** Problem requirements **
Write out again, word for word, the lines below from the line that holds "a heatwave. 141344912" through the line that holds "Homeless woman found", omitting pictures.

** The data **
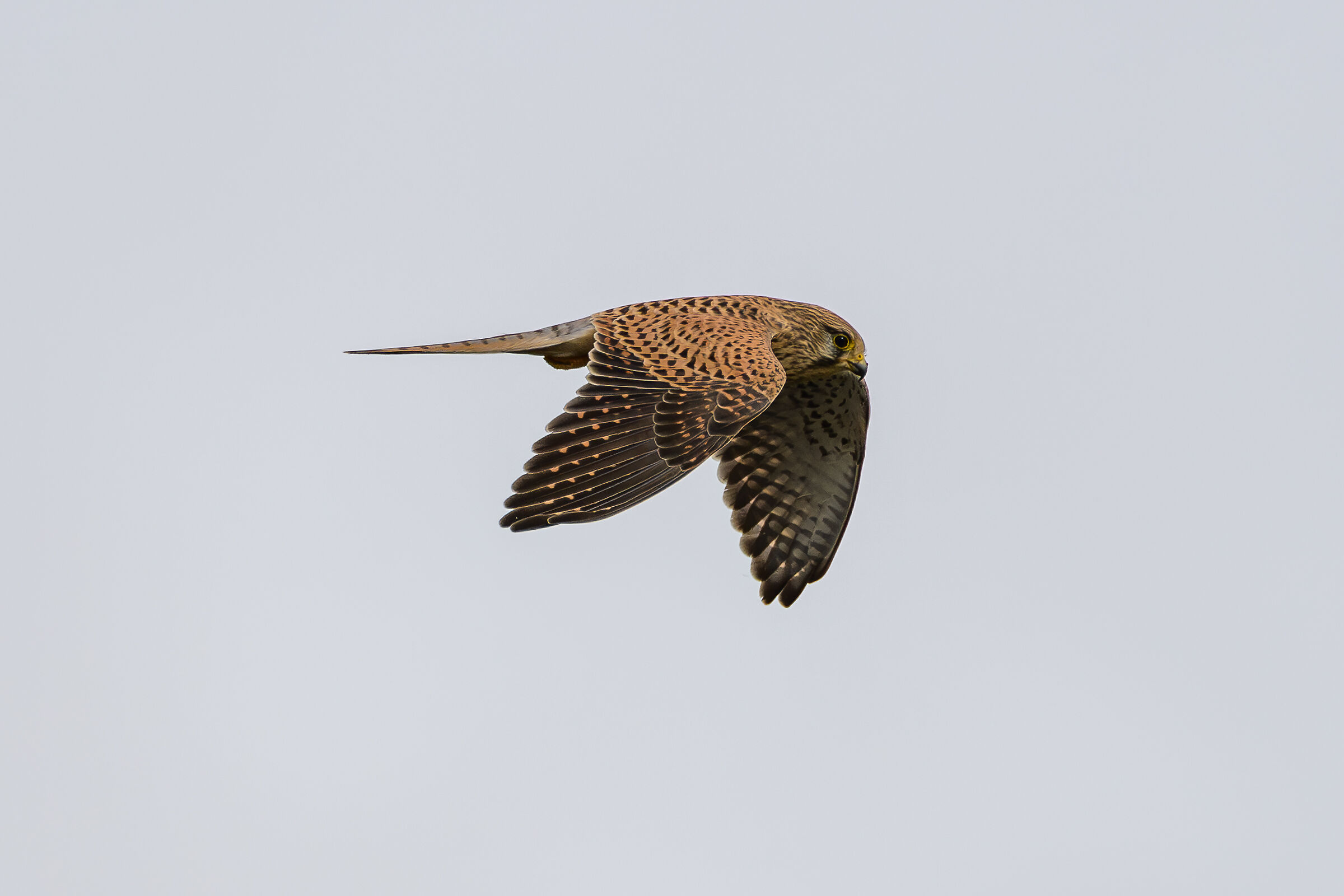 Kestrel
---
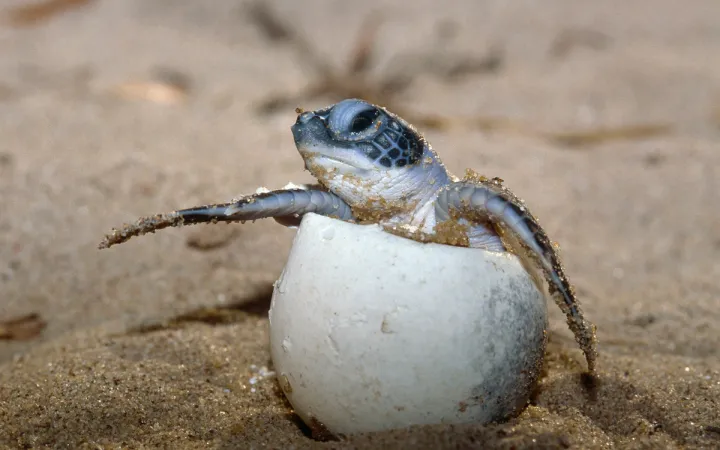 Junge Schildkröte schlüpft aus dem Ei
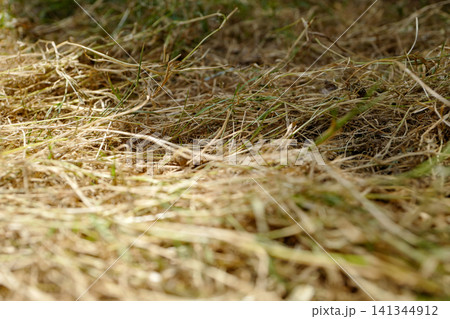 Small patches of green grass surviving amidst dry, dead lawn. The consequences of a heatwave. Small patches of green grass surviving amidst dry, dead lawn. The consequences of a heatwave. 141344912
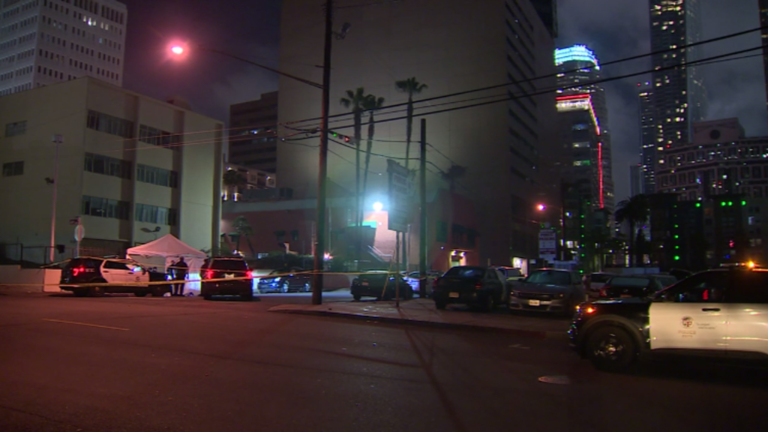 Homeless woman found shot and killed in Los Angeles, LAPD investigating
---
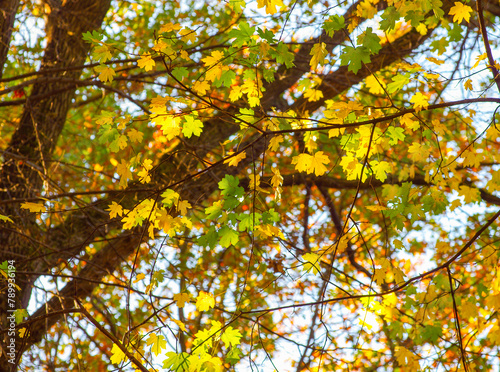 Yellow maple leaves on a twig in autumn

** Task response **
 Small patches of green grass surviving amidst dry, dead lawn. The consequences of a heatwave. Small patches of green grass surviving amidst dry, dead lawn. The consequences of a heatwave. 141344912
 Homeless woman found shot and killed in Los Angeles, LAPD investigating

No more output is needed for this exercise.